**Data to use:**
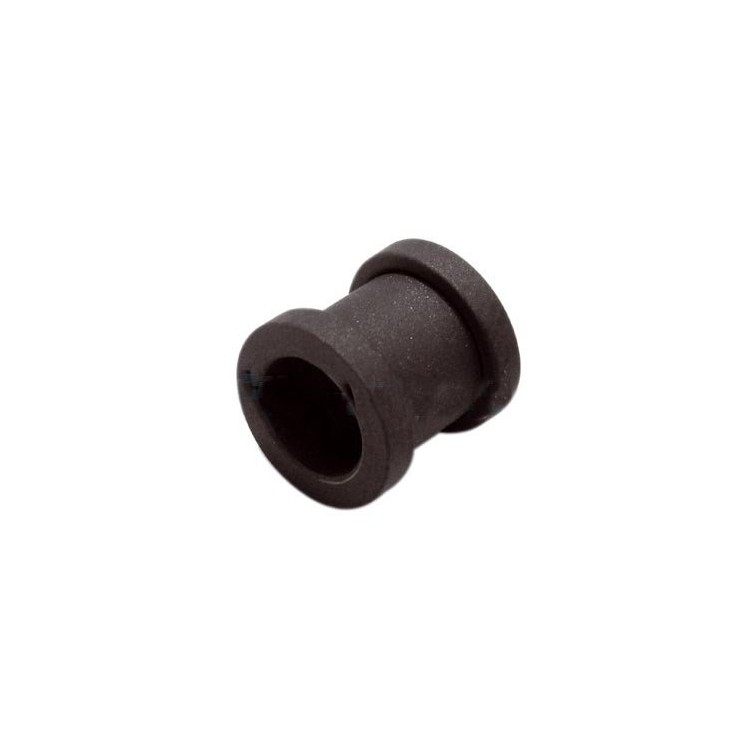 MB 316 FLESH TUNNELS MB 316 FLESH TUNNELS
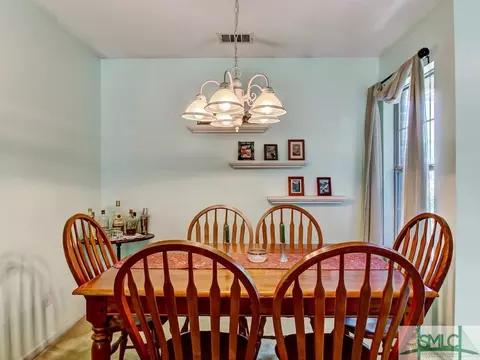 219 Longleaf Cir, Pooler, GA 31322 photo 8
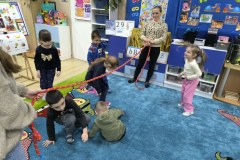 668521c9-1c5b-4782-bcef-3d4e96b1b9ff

--

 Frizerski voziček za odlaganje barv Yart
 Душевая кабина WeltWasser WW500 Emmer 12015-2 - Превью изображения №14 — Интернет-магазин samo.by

**Task:** Starting at the line above that has "MB 316 FLESH TUNNELS MB 316 FLESH TUNNELS" and ending at the line that has "668521c9-1c5b-4782-bcef-3d4e96b1b9ff", copy each line exactly, leaving the pictures out and adding nothing.

**Your response:**
 MB 316 FLESH TUNNELS MB 316 FLESH TUNNELS
 219 Longleaf Cir, Pooler, GA 31322 photo 8
 668521c9-1c5b-4782-bcef-3d4e96b1b9ff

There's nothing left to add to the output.